Pattinson's selection was the result of excellent form for Nottinghamshire (29 wickets at an average of just over 20 runs each) in the early part of the 2008 season. It marked an incredible rise for the player: prior to the Test, he had played in just 11 first-class matches. According to Christopher Martin-Jenkins, Pattinson's debut call-up was "...the biggest rabbit-out-of-the-hat for 99 years", in reference to Douglas Carr. Former England captain, Ian Botham, was more forthright, describing it as:

The most illogical, pathetic and diabolical piece of selecting I've seen. The selectors have embarrassed English cricket. I want to hear a proper explanation for this, as do England fans around the country.
 Another former captain, Geoffrey Boycott, said:

This was one of the first big decisions taken by England's new selection panel, and they got it badly wrong. They need to admit their mistake and realise that wild hunches are no way to build an international cricket team.
Following England's defeat, captain Michael Vaughan appeared to criticise the selection, saying:
It does look a confused selection, but the selection of one person does not lose you a Test.
Vaughan later met the selectors to clarify his comment and 'clear the air'. On BBC Radio 5live's Fighting Talk programme, Vaughan later explained that the real reason for Pattinson's selection over Hoggard was:

"Matthew Hoggard - it was his benefit year. The game started on a Thursday. The injury [to Sidebottom] happened on a Wednesday and on the Tuesday Matthew Hoggard had had a benefit function and he was absolutely trolleyed. That's why we couldn't pick him."

===Test debut===
On debut against South Africa at Headingley, Pattinson came out to bat at number 11, scoring 8 runs as England folded for 203. He then opened the bowling with James Anderson on the first day of the Second Test. On the second day of that Test he picked up the wicket of Hashim Amla, although TV footage put the soundness of the LBW decision in doubt. He took his second wicket when he had Ashwell Prince caught behind for 149 to finish with figures of two for 95 from 30 overs as South Africa racked up 522 all out. He put down a difficult caught and bowled chance offered by Mark Boucher and also dropped Dale Steyn late in the innings but this was relatively inexpensive as Steyn was batting with last man Makhaya Ntini at the time, who was dismissed shortly afterwards.

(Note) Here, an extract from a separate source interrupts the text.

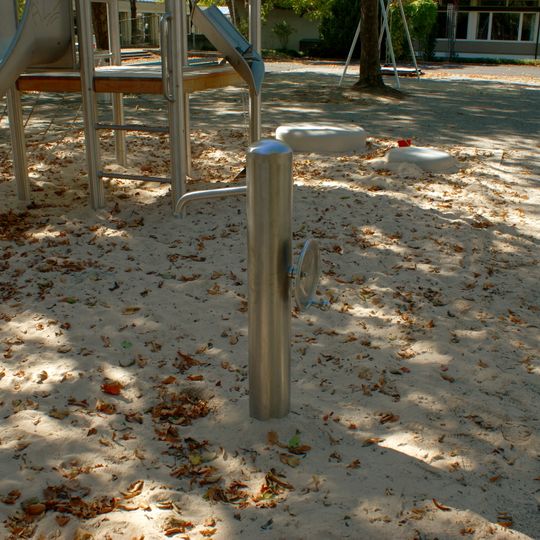 Spielbrunnen Spielplatz Steigerhubelschulhaus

Batting late on in England's second innings, he scored 13 runs in a last wicket partnership of 61 with Stuart Broad which ensured South Africa had to bat again, before the winning run was scored off his own bowling as South Africa secured a ten-wicket win.

===Post-Test career===
Pattinson returned to play for Victoria in the 2009–10 season, but despite playing for England, was not one of the better fast bowlers for Victoria and was usually overlooked for selection. His younger brother, James, was preferred. However, injuries to fast bowlers including James led to Darren being picked for the team on most occasions in the later half of the season.

He returned to England for the 2010 season to play county cricket with Nottinghamshire. That season, Nottinghamshire won the County Championship with Pattinson contributing 31 wickets in the competition. His tally of 17 wickets in the Friends Provident t20 meant that he was the club's leading wicket-taker in the T20 format for 2010.

Pattinson began the 2010–11 Australian season by taking career-best figures of 8/35 against Western Australia.

==Personal life==
Pattinson's younger brother James has played both Test and ODI cricket for Australia, after making his debut in both forms in 2011. He has two daughters, Sophie and Olivia.

===Greyhound training===
In 2013, Pattinson took out a public greyhound training licence. His most prolific greyhound was Blazin’ Bomber who won 27 of his 60 races but was unable to record a victory in a Group 1.